47% of UK job seekers have had an AI interview; 30% walked away from one
TL;DR: Hiring platform Greenhouse surveyed 2,950 active job seekers — 1,132 of them UK-based — and found 47% of UK candidates have sat through an AI interview, with 30% withdrawing from a hiring process because the employer required one. Candidates the Guardian spoke to described the format as “awkward”, “humiliating” and “completely horrible for the autistic brain”, with several noting that countdown clocks, no two-way questions, and no human acknowledgement made it harder to demonstrate genuine fit.
A workforce-experience problem, not just a tooling one
The Greenhouse data lands while the Information Commissioner’s Office is consulting on automated recruitment. Volume has plainly arrived: nearly half of UK job seekers have already encountered AI interviews, and applicants are now self-filtering away from employers that mandate them. The complaint set is consistent — pre-recorded prompts on a blank screen, three-minute response windows, and no signal that a human has watched the recording. One scientist applying for a senior role told the Guardian she “received very general feedback and a rejection” and was unsure whether “anybody watched the interview”.

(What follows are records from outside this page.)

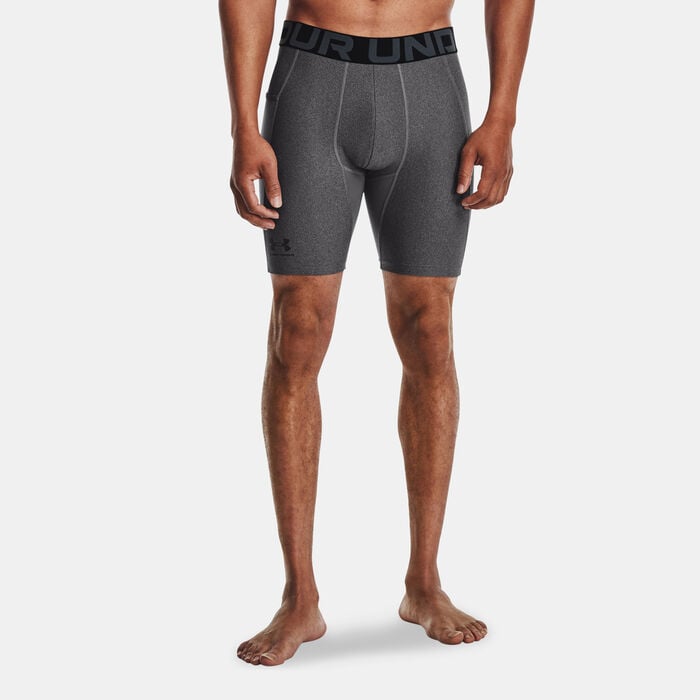 Under Armour Heatgear Armour Shorts In Grey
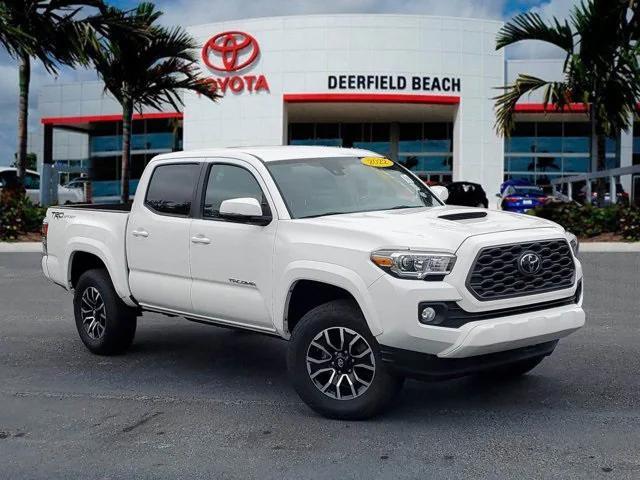 used 2022 Toyota Tacoma car, priced at $32,995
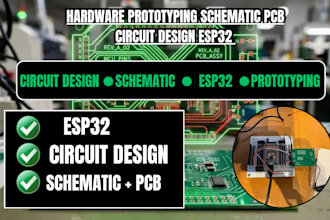 make hardware prototyping schematic pcb circuit design esp32 arduino stm32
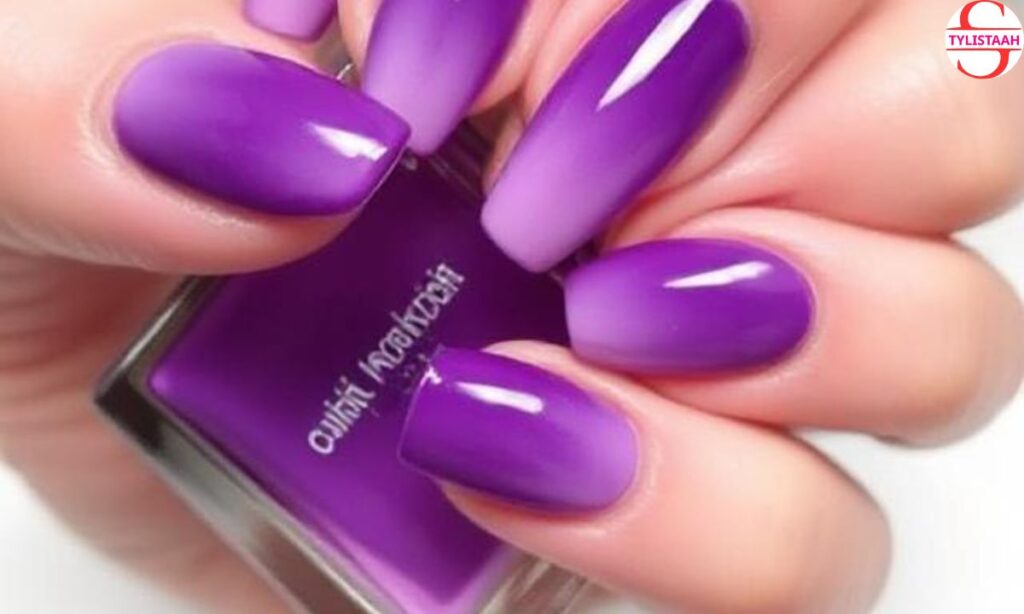 purple-ombre-nails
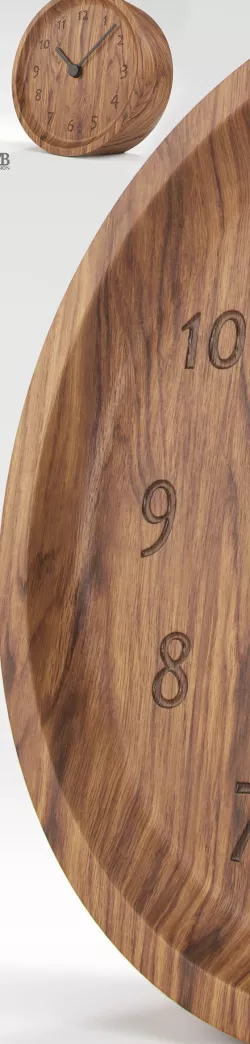Muku Desk Clock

Greenhouse positions AI interviews as a way to keep up with rising application volume, and the headcount math is real for HR teams sifting thousands of CVs. But the survey suggests the format is now an active filter on the candidate side too: a third of UK applicants have walked, and accessibility concerns — particularly for autistic and neurodivergent candidates — appear in nearly every reported transcript.
Looking forward
The ICO has already flagged automated recruitment as a 2026 enforcement priority, and the Greenhouse figures give regulators a concrete population to point at. For UK employers, the relevant operational questions are no longer whether AI interviews can be deployed, but whether the candidate experience is documented, whether reasonable adjustments are offered (longer response windows, alternative formats, the option of a human-led first round), and whether there is a clear human-in-the-loop step before rejection. With 30% of UK candidates self-deselecting, the cost of getting this wrong is showing up upstream of any ICO action: in the calibre and diversity of the funnel.